If you can ask yourself a question, and not answer it, what would that be?

What do you want to be when you grow up?
I still haven’t figured that out!

AI in AI: Artificial Intelligence in Automatic Indexing

In DBA on March 7, 2019 at 17:30

“By far, the greatest danger of Artificial Intelligence is that people conclude too early that they understand it.” — Eliezer Yudkowsky

CNBC: 40% of A.I. start-ups in Europe have almost nothing to do with A.I.

Oracle 19c brings one key feature which does not exist in database systems: Automatic Indexing. Something very similar does exit in Azure SQL Database but with some limitations.

For a very long time, both DBAs and Developers, have been struggling (really struggling) with what indexes should be created, what type of indexes they should be created as and what indexes should be dropped from the database. Automatic Index creation (AI Creation) means the explicit creation of new indexes and also dropping existing, unused indexes without human intervention.

In the long run, this is to be arguably one of the most important features in the Oracle database. I have already covered the basics in a previous blog post entitled Automatic Indexing in 19c. The expert system works in the following way passing through the stages of identification, verification and decision making:

Based on the captured workload, Oracle’s expert system identifies the index candidates which are created first as UNUSABLE & INVISIBLE (metadata only):

Then, there is the verification process. Some indexes will become VALID (physical segments are created) but will still stay INVISIBLE to the optimizer.

Later, Oracle decides if some of these indexes can become VISIBLE and this happens based on how the performance increases and how these new indexes affect other activities in the database.

Look for possible error using this query:

select EX.execution_type, EX.execution_name,F.message
from DBA_ADVISOR_FINDINGS F, DBA_ADVISOR_EXECUTIONS EX 
WHERE F.EXECUTION_NAME = EX.EXECUTION_NAME AND F.TYPE = 'ERROR';

If you need a detailed report from (say) the last 30 days, here is how to obtain it:

spool report
select dbms_auto_index.report_activity(sysdate-30,null,'text','all','all') report from dual;
spool off

A sample report shows beside the index candidates, space used, fatal errors also the overall improvement factor and also the SQL statement improvement factor:

When using/implementing the feature, have in mind the following:

– AUTO_INDEX_MODE must be set in every PDB: even set on container level it is not cascading to the pluggable databases
– Manually created indexes are nor dropped by default, you need to set separately AUTO_INDEX_RETENTION_FOR_MANUAL
– Follow the expert system runs from CDB_AUTO_INDEX_EXECUTIONS
– Hint for an INVISIBLE VALID index (for example /*+ index(clients SYS_AI_64uvm6wb5168u) */): I have seen how the index becomes VISIBLE in a second (if really useful)
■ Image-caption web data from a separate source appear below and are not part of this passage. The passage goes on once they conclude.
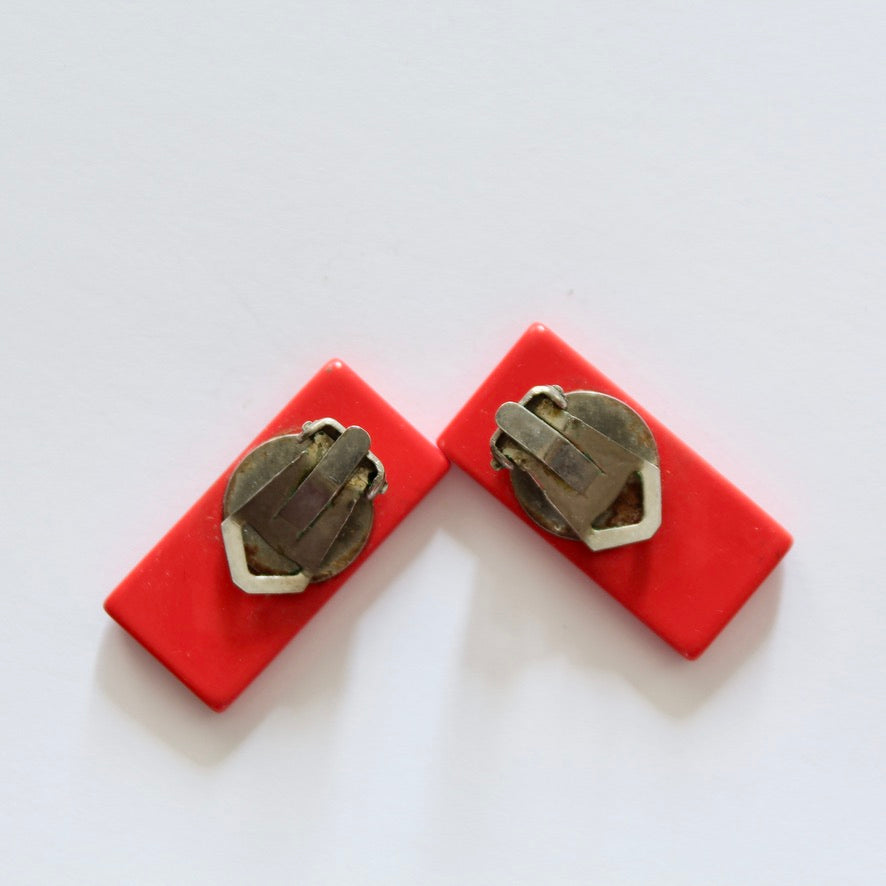 Boucles d'oreille clips vintage domino rouge plastique la friperie vintage 25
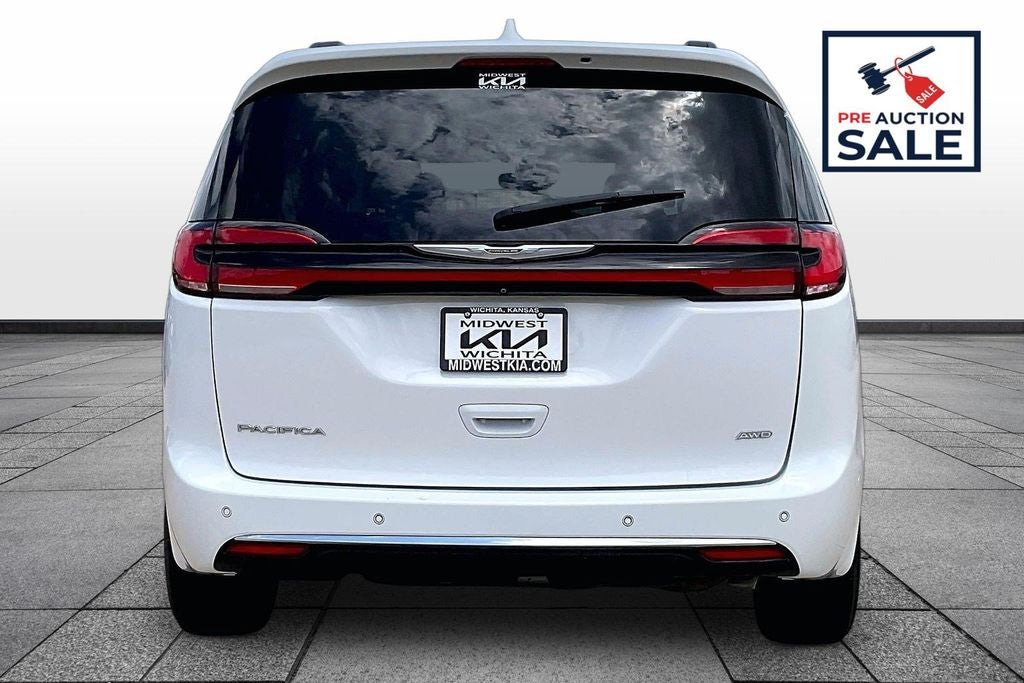 2022 Chrysler Pacifica Touring L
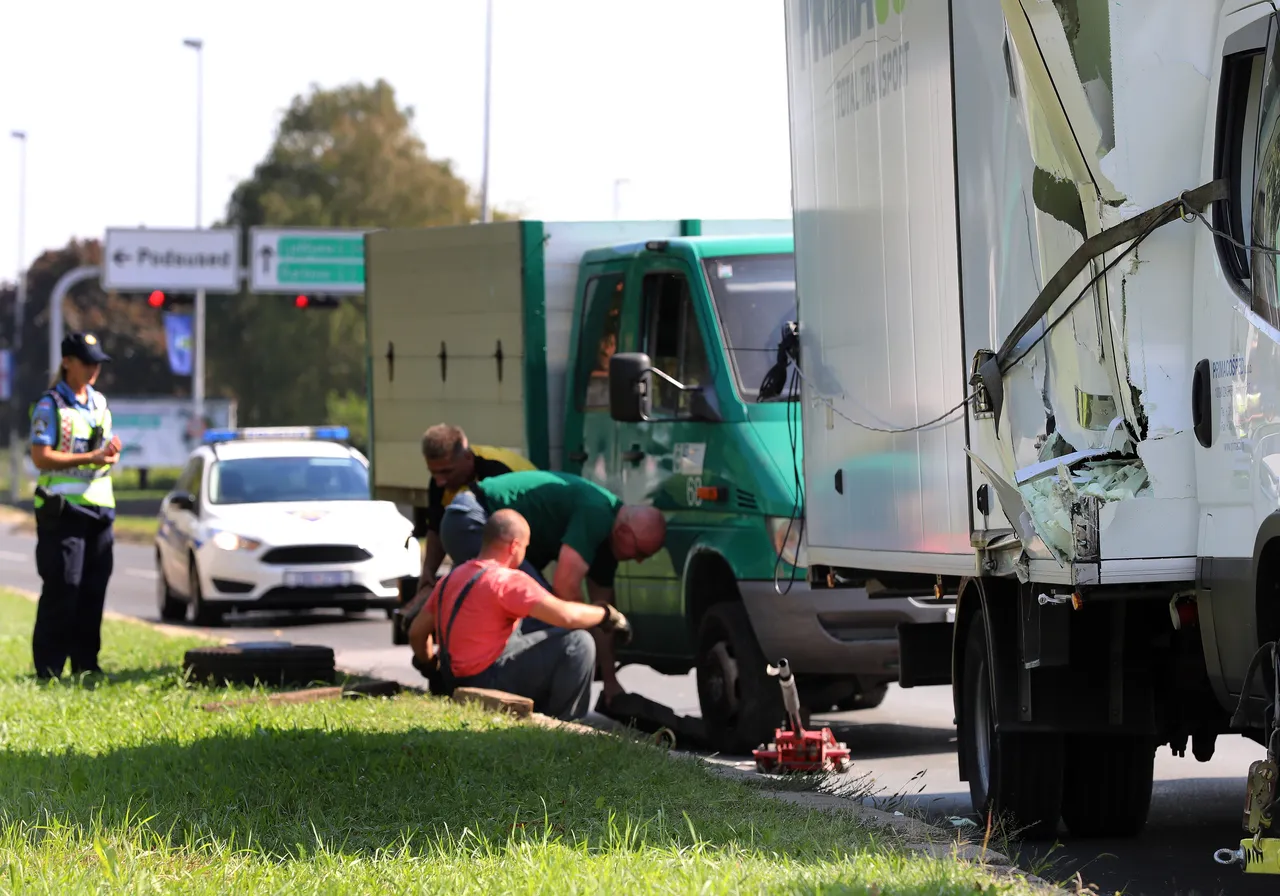 Zagreb: Jedna osoba ozlijeđena u sudaru dvaju kamiona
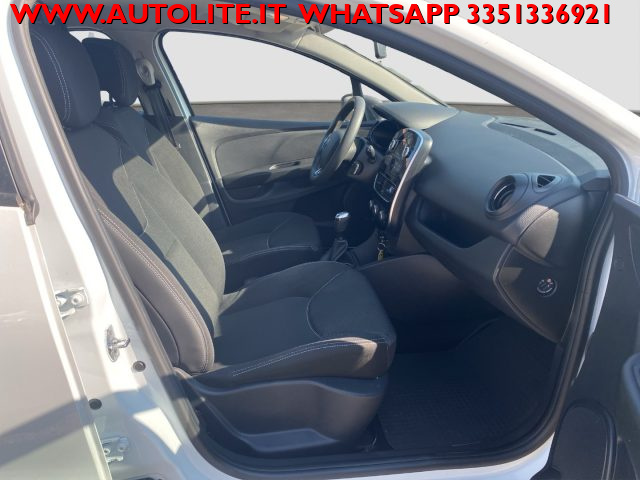 RENAULT Clio usata, con USB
For more details, check the recent bog post 19c Auto Index: the dictionary views by Franck Pachot

Automatic Indexing is by far one of the best examples of Artificial Intelligence and Machine Learning in the IT Industry. Really! I still remember a 5TB Oracle database I used to administer (mission critical one, a 24×7 system) where the indexes were almost 4.5TB in size while the real data was like half a TB only.